Royal Stag owner Pernod Ricard has refused to comment on a report that alleges the multinational spirits firm is considering listing its Indian subsidiary.

Royal Stag
Pernod owns Royal Stag, the world’s second-biggest Indian whisky brand

Earlier this week, a report by Bloomberg claimed the French spirits firm is in discussions with potential advisors over an initial public offering (IPO) listing of Pernod Ricard India.

However, when asked about the rumour, Pernod Ricard said it would not comment.

“Pernod Ricard regularly reviews strategic options for its development and to deliver value to its shareholders, employees, clients and stakeholders,” a statement from the Paris-based group said. “As a matter of company policy, Pernod Ricard does not comment on market rumours or speculations.”

The Bloomberg report was published just a day before Pernod Ricard released its financial results for the first half (H1) of its fiscal 2026 year, covering July to December 2025.

Pernod Ricard was also asked about the rumour during an earnings call for its H1 results, but the firm remained tight-lipped.

In response to the IPO report, Pernod Ricard chief financial officer Hélène Bouvier told investors that “looking at strategic options that could create value” is part of their jobs, adding that she would not comment further.

“What I can tell you is that the intention that I shared earlier today, which is to deleverage and to bring our net debt to EBITDA [earnings before interest, taxes, depreciation and amortisation] ratio below 3x by 2029, does not include an assumption of a listing in India.”

The company’s net debt to EBITDA ratio – which measures its financial leverage and ability to pay off debt – currently stands at 3.8 times, Bouvier noted.

Earlier in the call, she explained how the company would bring this figure down: “We expect the ratio to improve with four levers.
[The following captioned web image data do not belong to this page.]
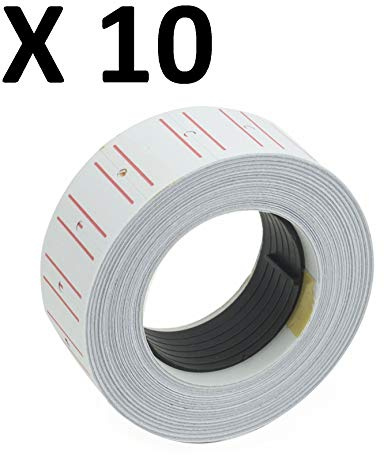 TEMPO DI SALDI 10 Rotoli Di Etichette Prezzo Adesive A 8 Cifre Per Prezzatrice Negozio Ufficio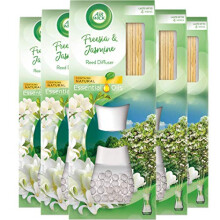 Air Freshener Reed Diffuser, Freesia and Jasmine, Pack of 5 x 33ml
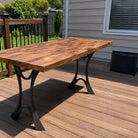 Dining Table with Joxie 28.5" H Metal Table Legs for Butcher Block Wood - Customer Feedback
Number one: strategic investment normalising, reducing from peak levels. Number two: ongoing operating working capital management improvement initiative, including with the support of our operational efficiency programme.

“Number three: dynamic portfolio management. Number four: with a return to growth of the profit from recurring operations.”

Regarding the first lever, she told investors that strategic investment is expected to reach approximately €750 million (US$882m) in fiscal 2026 and no more than €800m for fiscal 2027-29.

Sales rise in India 

In Pernod Ricard’s H1 results, the group reported an organic sales decline of 5.9% after double-digit decreases in its key US and China markets.

However, India managed to grow organic revenue by 4%. Excluding the divestment of its Imperial Blue whisky brand, sales in the market were up by 8%.

India represents 13% of Pernod Ricard’s total net sales for H1. The US remains the biggest market for the group.

In India, the company reported improving growth in the second quarter (October-December). However, sales were impacted by excise policy changes in Maharashtra.

In terms of brands, growth in India was led by double-digit gains for Jameson Irish whiskey, Ballantine’s Scotch whisky and Absolut Vodka. Pernod’s Indian whiskies, Royal Stag and Blenders Pride, recorded mid-single-digit growth.

The group also posted growth in India for its 2025 fiscal year (up 6%).

Royal Stag was the second biggest-selling Indian whisky brand in 2024, followed by Imperial Blue, according to The Brand Champions 2025 report. Behind only McDowell’s (owned by Diageo’s United Spirits arm), Royal Stag sold 31m cases in 2024, an increase of 11.1% year on year.

Meanwhile, Blenders Pride was the fifth largest at 10.1m cases in 2024 – up by 5% on 2023.

Pernod completed the sale of Imperial Blue to India’s Tilaknagar Industries in December 2025.